Lines from the start of the data through the line containing "2 bedroom SingleFamilyResidence" must be given again exactly. Leave the others out.

:: SUPPLIED INFORMATION ::

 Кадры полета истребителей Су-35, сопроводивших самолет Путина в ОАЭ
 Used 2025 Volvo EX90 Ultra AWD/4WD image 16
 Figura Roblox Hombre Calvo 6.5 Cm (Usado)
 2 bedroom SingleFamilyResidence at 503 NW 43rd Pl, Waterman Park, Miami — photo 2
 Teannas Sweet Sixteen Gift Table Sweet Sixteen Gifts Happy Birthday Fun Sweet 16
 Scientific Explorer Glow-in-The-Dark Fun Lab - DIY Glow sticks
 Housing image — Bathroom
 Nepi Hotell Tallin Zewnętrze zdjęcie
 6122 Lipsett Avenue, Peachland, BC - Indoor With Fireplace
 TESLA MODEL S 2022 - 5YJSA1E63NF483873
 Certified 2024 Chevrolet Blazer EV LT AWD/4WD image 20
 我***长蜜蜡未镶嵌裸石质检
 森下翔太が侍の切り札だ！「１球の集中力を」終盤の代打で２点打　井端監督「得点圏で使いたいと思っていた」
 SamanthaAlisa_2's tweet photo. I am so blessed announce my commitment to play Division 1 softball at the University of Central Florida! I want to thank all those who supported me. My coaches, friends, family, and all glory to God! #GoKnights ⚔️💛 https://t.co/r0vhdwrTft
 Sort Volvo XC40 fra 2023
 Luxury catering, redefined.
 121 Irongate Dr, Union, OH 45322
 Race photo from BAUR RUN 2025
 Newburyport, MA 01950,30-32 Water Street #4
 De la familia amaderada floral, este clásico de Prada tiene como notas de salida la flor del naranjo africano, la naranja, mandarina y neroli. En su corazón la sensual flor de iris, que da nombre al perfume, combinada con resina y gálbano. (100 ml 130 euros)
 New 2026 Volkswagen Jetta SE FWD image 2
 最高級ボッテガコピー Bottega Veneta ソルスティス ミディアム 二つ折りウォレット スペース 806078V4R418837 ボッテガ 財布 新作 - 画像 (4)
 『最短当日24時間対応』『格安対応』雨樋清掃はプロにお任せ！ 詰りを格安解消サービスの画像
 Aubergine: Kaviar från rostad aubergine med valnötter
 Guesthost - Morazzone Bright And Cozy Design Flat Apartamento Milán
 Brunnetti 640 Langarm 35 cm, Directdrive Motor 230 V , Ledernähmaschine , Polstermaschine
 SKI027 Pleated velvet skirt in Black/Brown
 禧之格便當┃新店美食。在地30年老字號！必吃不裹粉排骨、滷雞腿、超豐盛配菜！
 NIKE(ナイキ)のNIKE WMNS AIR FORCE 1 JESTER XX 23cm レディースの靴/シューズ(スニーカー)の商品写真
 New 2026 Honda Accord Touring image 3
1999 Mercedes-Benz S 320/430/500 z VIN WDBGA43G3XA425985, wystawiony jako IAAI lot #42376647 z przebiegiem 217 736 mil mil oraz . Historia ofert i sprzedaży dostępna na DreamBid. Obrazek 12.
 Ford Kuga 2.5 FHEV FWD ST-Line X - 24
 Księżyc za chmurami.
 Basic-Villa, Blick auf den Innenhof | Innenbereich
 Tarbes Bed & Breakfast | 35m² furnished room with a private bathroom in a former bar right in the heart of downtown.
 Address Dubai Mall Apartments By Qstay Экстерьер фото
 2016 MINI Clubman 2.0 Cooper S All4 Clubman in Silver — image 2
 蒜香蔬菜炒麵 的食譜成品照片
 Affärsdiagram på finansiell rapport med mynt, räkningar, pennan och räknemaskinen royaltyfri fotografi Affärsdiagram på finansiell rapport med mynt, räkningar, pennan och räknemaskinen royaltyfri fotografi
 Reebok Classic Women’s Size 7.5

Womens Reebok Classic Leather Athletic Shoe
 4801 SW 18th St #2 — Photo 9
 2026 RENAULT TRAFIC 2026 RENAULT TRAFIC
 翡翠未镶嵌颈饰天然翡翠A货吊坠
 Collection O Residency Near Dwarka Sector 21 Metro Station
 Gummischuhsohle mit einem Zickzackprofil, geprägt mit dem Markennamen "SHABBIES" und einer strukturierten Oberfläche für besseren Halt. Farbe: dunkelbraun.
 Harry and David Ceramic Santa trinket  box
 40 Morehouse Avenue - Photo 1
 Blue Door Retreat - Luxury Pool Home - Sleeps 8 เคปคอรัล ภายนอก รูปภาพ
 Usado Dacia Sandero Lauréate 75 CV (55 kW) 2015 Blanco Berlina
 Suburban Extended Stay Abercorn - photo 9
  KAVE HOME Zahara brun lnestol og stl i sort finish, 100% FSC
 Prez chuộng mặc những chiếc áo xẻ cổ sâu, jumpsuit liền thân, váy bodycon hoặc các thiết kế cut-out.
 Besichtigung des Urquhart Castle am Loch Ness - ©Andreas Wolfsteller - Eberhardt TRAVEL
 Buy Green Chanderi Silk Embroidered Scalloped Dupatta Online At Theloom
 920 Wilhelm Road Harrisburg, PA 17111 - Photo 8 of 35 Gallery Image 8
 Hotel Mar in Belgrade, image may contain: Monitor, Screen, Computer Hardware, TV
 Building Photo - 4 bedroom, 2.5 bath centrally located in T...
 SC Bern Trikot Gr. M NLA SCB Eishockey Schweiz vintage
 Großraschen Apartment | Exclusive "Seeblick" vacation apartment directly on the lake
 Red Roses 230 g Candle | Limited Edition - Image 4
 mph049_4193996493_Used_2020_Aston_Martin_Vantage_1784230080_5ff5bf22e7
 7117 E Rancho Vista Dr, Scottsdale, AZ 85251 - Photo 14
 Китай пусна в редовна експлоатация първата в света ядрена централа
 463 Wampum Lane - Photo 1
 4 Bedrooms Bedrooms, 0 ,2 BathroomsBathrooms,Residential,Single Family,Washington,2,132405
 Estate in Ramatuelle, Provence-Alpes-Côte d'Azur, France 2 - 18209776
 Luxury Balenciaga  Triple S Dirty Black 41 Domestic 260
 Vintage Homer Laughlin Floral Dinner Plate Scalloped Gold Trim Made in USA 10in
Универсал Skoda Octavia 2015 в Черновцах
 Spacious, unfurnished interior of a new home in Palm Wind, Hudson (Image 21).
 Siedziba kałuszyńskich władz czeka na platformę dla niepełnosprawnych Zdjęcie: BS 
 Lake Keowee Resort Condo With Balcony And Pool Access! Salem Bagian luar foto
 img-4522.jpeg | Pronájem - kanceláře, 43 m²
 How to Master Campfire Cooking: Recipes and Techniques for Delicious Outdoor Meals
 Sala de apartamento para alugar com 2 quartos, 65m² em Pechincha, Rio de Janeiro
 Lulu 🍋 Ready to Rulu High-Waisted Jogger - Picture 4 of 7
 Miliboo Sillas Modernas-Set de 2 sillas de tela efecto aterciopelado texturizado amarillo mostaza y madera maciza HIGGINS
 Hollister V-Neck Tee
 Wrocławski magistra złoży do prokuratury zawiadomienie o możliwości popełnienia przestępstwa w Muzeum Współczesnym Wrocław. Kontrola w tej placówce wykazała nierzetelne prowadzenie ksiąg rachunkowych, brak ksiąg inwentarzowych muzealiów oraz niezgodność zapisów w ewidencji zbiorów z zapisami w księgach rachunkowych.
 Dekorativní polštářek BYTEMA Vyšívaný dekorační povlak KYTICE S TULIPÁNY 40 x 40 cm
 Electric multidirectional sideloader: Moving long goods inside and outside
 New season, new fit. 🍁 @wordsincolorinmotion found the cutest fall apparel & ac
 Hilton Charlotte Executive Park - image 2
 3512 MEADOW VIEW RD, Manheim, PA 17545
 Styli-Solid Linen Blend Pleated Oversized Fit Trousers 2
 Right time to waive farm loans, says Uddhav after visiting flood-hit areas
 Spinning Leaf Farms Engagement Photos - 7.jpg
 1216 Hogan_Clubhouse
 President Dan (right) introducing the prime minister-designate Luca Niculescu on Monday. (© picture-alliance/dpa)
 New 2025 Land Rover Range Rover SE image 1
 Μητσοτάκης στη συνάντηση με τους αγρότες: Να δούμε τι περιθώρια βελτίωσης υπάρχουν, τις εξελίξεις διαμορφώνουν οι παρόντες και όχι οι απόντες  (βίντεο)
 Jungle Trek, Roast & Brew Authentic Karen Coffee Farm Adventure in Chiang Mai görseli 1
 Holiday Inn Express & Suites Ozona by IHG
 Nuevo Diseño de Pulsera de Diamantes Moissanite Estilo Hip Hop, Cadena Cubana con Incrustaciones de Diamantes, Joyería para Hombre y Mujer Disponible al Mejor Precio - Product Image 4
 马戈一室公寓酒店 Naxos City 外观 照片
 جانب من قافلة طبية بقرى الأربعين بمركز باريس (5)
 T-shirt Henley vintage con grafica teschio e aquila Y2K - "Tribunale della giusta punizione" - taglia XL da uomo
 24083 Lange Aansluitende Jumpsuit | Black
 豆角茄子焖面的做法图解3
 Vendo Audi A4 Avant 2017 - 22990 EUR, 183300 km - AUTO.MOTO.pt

:::

SOLUTION TO THE EXERCISE -
 Кадры полета истребителей Су-35, сопроводивших самолет Путина в ОАЭ
 Used 2025 Volvo EX90 Ultra AWD/4WD image 16
 Figura Roblox Hombre Calvo 6.5 Cm (Usado)
 2 bedroom SingleFamilyResidence at 503 NW 43rd Pl, Waterman Park, Miami — photo 2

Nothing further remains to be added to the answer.